Exercise input
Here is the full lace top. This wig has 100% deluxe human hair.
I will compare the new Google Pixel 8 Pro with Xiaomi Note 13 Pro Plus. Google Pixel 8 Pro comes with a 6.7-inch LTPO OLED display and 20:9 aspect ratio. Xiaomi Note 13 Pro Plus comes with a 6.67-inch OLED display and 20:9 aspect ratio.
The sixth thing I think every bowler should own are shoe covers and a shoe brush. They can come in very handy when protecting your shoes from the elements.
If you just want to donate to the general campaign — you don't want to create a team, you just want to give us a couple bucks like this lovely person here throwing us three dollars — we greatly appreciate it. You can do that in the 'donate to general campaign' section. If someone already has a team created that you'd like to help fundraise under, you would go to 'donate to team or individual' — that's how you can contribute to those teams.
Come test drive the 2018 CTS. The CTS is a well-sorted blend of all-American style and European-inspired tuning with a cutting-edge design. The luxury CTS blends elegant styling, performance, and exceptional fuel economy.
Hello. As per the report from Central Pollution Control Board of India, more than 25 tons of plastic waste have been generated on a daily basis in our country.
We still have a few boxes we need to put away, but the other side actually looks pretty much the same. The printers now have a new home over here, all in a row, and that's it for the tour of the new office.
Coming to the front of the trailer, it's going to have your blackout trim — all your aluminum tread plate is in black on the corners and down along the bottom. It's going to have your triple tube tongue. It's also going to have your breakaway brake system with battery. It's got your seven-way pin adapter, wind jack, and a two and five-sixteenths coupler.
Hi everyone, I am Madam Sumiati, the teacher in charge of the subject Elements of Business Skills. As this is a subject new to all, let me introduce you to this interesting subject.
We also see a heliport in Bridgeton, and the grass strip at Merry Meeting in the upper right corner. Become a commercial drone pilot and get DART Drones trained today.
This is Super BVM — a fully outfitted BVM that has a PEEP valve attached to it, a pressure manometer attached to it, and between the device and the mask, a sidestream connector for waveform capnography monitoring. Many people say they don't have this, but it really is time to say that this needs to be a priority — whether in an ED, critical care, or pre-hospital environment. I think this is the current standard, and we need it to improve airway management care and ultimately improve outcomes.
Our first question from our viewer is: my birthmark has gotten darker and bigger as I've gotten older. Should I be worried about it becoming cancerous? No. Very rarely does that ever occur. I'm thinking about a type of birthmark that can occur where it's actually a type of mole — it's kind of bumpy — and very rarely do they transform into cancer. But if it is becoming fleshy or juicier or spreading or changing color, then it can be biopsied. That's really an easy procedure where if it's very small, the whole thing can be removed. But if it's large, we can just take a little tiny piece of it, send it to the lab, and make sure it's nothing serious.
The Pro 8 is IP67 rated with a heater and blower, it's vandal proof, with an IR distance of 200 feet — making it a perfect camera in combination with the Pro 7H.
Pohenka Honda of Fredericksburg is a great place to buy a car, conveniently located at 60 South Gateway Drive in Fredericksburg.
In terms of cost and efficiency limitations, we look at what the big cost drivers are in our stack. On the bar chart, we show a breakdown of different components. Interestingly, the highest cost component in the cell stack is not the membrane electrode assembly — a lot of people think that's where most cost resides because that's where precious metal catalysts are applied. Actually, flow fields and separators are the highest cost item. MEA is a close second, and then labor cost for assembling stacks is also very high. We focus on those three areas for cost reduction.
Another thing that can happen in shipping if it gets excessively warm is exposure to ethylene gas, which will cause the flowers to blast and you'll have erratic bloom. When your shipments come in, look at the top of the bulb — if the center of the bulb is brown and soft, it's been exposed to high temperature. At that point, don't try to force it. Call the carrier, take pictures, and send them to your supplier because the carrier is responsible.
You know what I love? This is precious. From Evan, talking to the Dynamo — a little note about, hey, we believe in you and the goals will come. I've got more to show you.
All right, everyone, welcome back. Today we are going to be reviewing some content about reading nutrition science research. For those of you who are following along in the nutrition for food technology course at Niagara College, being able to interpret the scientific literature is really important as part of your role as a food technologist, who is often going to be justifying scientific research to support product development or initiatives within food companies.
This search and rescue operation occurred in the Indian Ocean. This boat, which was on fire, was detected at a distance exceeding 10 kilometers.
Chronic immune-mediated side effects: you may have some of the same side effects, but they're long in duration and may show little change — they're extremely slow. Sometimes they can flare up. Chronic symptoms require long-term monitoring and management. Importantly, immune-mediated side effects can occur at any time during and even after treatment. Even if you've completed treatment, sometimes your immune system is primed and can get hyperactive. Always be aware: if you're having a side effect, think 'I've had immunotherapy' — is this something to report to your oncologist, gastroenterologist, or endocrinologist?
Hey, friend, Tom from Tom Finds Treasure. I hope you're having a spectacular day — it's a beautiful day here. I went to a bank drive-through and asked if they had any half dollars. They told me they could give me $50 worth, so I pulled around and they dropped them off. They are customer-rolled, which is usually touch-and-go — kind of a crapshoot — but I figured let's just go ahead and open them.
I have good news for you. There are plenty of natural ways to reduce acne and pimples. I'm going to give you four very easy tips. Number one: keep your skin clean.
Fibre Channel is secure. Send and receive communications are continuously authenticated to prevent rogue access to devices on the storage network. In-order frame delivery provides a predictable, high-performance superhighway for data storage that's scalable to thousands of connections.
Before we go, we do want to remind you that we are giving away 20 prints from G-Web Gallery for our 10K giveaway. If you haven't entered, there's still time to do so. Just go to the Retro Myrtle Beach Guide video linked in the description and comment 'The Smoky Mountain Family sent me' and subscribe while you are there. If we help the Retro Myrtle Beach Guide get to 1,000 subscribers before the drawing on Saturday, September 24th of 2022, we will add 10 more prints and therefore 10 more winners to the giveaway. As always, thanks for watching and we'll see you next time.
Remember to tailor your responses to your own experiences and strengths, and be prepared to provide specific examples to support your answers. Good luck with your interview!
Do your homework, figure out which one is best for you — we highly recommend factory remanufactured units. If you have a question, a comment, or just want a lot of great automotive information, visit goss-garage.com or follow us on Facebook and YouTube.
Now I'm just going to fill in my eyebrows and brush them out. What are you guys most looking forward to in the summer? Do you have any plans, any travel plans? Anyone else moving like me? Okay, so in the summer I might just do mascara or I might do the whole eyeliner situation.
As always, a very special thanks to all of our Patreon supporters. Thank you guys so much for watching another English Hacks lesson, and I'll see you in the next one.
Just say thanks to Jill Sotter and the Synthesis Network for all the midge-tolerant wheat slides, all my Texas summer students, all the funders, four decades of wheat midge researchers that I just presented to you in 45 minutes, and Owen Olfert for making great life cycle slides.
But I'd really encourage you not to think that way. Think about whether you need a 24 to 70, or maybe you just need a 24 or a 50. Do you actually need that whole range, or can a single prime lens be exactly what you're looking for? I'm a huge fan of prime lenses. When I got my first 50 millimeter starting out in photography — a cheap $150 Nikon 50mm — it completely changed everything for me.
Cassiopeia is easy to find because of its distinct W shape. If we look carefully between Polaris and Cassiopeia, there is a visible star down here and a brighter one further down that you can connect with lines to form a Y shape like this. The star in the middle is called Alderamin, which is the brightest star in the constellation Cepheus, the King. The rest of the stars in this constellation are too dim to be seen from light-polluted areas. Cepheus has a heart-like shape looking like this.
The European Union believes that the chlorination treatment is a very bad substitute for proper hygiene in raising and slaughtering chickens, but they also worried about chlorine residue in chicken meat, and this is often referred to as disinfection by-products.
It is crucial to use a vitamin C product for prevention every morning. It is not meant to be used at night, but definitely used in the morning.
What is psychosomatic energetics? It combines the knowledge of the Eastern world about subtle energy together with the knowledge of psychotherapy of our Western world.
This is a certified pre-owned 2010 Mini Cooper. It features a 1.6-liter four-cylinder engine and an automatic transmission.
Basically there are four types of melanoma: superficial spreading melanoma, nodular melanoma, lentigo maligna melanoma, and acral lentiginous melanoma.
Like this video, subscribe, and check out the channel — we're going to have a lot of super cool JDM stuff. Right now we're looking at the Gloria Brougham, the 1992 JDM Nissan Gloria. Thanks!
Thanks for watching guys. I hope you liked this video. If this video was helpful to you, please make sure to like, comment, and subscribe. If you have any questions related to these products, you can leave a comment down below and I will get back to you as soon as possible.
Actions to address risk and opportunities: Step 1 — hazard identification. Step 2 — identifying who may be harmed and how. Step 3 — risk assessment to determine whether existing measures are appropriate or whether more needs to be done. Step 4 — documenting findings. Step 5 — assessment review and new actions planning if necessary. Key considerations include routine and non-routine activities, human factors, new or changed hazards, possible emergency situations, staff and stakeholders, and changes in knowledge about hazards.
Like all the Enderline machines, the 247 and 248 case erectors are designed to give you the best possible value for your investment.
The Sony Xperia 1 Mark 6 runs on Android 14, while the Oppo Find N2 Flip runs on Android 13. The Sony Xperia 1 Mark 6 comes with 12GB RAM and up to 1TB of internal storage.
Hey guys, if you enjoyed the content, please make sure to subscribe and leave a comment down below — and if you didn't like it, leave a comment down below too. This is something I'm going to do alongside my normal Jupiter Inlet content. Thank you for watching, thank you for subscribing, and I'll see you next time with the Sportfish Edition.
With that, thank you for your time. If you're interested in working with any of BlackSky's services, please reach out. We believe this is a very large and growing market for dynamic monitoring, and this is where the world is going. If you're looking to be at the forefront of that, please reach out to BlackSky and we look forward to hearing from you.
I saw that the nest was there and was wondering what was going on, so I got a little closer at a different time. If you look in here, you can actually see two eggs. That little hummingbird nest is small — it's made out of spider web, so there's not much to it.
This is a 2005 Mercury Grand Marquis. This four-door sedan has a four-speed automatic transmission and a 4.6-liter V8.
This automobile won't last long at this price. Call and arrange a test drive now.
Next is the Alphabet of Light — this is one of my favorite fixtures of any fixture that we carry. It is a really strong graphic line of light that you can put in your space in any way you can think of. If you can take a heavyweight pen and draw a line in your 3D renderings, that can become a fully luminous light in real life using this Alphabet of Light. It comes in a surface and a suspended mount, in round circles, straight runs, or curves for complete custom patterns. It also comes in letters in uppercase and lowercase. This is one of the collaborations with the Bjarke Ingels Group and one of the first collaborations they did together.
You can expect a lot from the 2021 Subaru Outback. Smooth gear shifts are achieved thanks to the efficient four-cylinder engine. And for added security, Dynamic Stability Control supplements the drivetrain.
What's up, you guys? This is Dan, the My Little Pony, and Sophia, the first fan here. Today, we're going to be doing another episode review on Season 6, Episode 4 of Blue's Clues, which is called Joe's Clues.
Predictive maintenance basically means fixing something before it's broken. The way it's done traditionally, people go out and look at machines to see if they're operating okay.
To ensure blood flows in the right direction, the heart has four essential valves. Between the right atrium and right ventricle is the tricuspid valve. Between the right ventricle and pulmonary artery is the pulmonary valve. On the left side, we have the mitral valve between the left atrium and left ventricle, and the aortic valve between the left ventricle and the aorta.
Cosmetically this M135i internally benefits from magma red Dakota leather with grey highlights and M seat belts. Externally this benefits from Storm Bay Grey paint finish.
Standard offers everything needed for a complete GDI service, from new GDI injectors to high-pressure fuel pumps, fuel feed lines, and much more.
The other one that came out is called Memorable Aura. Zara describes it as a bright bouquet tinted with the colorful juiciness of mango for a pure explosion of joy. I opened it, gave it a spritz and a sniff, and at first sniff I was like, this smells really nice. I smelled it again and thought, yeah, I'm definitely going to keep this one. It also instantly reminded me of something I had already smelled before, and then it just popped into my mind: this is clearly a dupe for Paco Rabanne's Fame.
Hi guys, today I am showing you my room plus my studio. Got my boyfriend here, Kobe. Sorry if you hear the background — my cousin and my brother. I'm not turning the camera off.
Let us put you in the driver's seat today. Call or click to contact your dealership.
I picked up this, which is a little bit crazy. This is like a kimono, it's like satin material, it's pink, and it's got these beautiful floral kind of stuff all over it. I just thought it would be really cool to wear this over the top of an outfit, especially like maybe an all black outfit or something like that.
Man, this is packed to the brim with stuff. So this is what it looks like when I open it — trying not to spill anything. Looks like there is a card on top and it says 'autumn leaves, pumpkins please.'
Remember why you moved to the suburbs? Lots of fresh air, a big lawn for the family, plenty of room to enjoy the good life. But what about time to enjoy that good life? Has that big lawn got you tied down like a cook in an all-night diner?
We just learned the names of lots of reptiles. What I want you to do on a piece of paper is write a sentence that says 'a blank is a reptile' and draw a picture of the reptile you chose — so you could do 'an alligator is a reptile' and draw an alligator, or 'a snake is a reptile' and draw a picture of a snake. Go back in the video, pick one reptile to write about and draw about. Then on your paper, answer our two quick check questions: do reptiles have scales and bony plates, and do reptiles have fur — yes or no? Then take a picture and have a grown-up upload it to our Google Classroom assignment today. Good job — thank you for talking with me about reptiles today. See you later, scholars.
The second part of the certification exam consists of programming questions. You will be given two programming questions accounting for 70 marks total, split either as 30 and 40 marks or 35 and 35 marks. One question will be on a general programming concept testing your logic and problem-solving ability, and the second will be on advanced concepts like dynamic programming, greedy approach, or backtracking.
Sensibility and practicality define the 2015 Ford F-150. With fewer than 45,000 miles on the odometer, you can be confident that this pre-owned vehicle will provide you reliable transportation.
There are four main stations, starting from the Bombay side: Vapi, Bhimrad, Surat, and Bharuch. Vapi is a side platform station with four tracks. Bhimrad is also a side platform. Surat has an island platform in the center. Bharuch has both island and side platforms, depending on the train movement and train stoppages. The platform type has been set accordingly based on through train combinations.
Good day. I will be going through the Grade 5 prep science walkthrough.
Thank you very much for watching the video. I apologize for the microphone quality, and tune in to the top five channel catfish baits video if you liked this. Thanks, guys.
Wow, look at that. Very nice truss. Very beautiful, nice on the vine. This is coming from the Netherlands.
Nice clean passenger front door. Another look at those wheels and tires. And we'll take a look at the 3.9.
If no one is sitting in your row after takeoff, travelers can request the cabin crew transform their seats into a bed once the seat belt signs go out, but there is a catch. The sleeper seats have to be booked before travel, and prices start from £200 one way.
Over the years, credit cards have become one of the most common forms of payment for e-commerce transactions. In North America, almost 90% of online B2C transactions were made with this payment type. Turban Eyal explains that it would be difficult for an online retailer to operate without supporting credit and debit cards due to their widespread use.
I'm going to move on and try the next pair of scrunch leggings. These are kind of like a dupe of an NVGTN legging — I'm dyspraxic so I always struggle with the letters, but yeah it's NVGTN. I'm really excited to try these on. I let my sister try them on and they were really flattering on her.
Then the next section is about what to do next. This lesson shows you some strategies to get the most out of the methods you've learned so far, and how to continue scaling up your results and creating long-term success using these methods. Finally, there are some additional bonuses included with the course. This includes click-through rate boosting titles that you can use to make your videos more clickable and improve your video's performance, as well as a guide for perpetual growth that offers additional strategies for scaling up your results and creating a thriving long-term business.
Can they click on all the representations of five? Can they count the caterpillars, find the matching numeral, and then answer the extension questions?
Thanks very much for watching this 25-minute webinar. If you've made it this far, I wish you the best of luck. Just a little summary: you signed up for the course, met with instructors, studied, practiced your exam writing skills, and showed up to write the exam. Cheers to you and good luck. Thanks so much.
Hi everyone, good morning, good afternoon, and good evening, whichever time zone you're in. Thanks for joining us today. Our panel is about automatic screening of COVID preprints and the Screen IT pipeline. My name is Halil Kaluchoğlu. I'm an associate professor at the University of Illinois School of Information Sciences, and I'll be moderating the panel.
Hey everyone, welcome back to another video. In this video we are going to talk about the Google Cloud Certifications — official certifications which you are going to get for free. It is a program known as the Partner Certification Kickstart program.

Your task
Retype the entries exactly from the first line, stopping after the line with "I will compare".

Exercise response
Here is the full lace top. This wig has 100% deluxe human hair.
I will compare the new Google Pixel 8 Pro with Xiaomi Note 13 Pro Plus. Google Pixel 8 Pro comes with a 6.7-inch LTPO OLED display and 20:9 aspect ratio. Xiaomi Note 13 Pro Plus comes with a 6.67-inch OLED display and 20:9 aspect ratio.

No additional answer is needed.